Desde allí ,traslado al cercano St James Park, también con sus ardillas y, como elemento arquitectónico singular en esta megalópolis de rascacielos, la catedral anglicana de St James en el centro. Por Adelaida Street prosigue el recorrido hacia el Eaton Center, el macro centro comercial cubierto cuyos promotores instauraron las tradicionales cabalgatas navideñas de Papá Noel. En sus aledaños, el antiguo ayuntamiento recargado de estilo romanesco, junto al Sony Center.
Y cada paso, infinidad de lugareños transitando por esta urbe de tres millones de habitantes. La mayor parte, con el teléfono móvil en una mano y en la otra el manido vaso de plástico tapado cuyo líquido van sorbiendo. Muchos de ellos tratan de despuntar por su forma de vestir o incluso de actuar. Sus miradas tienen prácticamente como destino único sus aparatos telefónicos. No las desvían un ápice para observar a alguno de los numerosos mendicantes que, sumidos en el abandono, pueblan las calles. Como en tantas metrópolis de la convecina USA. Toronto parece una más.
El encanto de Niágara
Al contrario de aquello que ocurre con las inigualables cataratas ubicadas a dos horas de la capital del estado de Ontario. Constituyen la atracción más visitada de este país de primeras y segundas naciones en que se ha configurado Canadá.- Escoltadas por los inevitables rascacielos (aunque en este caso exclusivamente copados por hoteles de alta gama y de un casino), los 58 metros de caída del agua concentran a turistas de todo el mundo. Compiten con la misma atracción del lado estadounidense. Al fin y al cabo, ambos países están separados por cursos fluviales y unidos por los puentes que los superan, a una distancia insignificante.
Los pantagruélicos aparcamientos reflejan el volumen de visitantes. A las tres de la tarde ya no cabe un coche más, a pesar de la magnitud de estos espacios por los que circulan los clásicos vehículos de golf para trasladar a los usuarios por su interior. La tarifa única, de 22 dólares, se paga al entrar. No importa el tiempo que permanezca el turismo estacionado.
La belleza de la caída del agua puede contemplarse sin necesidad de abonar dólar extra alguno. Basta asomarse a las pétreas barandillas y contemplar cómo el agua oscura se torna cristalina cuando roza el borde del precipicio y, acto seguido, se transforma en espuma, como si de ella fuera a emerger la exuberante y mítica Afrodita.
A partir de esa visión, las atracciones para incrementar la experiencia se multiplican con precios que empiezan en 15 dólares. La más costosa (26 $), subir al barco que se posa a escasos metros de la base de la cortina de agua. También muy atractiva la Journey behind the falls o recorrido por los túneles que concluyen en balcones asomados a mitad de la cascada.
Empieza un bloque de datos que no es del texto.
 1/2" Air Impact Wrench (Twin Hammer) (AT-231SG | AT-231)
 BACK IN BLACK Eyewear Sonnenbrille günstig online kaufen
Permite empaparse de sus aguas y de su ensordecedor rugido.
Después de la excitación de presenciar la estremecedora caída del agua, constituye un buen ejercicio de relajación recuperar el vehículo (o subir al autobús Wego) y desplazarse algunos kilómetros de las cascadas para circundar los campos de golf, las mansiones o, un poco más allá, los extensos campos de viñedos de los que surge el caldo autóctono: el vino de hielo.
Y de ese fenómeno natural a otro también llamativo, al parque nacional denominado Thousand Islans. Podría resumirse en incontables islotes, muchos de ellos privados, que pueblan el caudaloso río San Lorenzo en su cauce superior y que ejercen como separadores entre USA y Canadá. Se asientan entre las ciudades de Brockville y Kingston (a 276 kilómetros de Toronto). Desde ambas, y de entre algunas intermedias como Ganacoque, puede subirse a alguno de los barcos (26 $) que las recorren repletos de turistas. De paso, recomendable un paseo por el bullicioso ‘waterfront’ de Kingston, que mantiene un marchito pedigrí de la ciudad más poblada de Canadá hasta 1840.